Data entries
===============
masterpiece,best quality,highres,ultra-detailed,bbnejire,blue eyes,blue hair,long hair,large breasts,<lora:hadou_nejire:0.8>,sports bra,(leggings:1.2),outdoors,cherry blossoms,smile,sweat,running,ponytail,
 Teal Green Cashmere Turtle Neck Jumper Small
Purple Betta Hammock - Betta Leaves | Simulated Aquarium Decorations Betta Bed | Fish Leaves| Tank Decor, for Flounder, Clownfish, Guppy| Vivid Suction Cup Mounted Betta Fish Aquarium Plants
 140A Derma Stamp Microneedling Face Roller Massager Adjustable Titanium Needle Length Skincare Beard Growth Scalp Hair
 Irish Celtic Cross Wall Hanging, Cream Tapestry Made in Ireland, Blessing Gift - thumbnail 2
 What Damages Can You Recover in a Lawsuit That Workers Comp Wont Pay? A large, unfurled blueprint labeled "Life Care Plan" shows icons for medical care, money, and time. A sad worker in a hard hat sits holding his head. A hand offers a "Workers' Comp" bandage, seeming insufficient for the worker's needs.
===============
__Your objective__: Could you reproduce every entry above exactly as written?

__Problem solution__:
masterpiece,best quality,highres,ultra-detailed,bbnejire,blue eyes,blue hair,long hair,large breasts,<lora:hadou_nejire:0.8>,sports bra,(leggings:1.2),outdoors,cherry blossoms,smile,sweat,running,ponytail,
 Teal Green Cashmere Turtle Neck Jumper Small
Purple Betta Hammock - Betta Leaves | Simulated Aquarium Decorations Betta Bed | Fish Leaves| Tank Decor, for Flounder, Clownfish, Guppy| Vivid Suction Cup Mounted Betta Fish Aquarium Plants
 140A Derma Stamp Microneedling Face Roller Massager Adjustable Titanium Needle Length Skincare Beard Growth Scalp Hair
 Irish Celtic Cross Wall Hanging, Cream Tapestry Made in Ireland, Blessing Gift - thumbnail 2
 What Damages Can You Recover in a Lawsuit That Workers Comp Wont Pay? A large, unfurled blueprint labeled "Life Care Plan" shows icons for medical care, money, and time. A sad worker in a hard hat sits holding his head. A hand offers a "Workers' Comp" bandage, seeming insufficient for the worker's needs.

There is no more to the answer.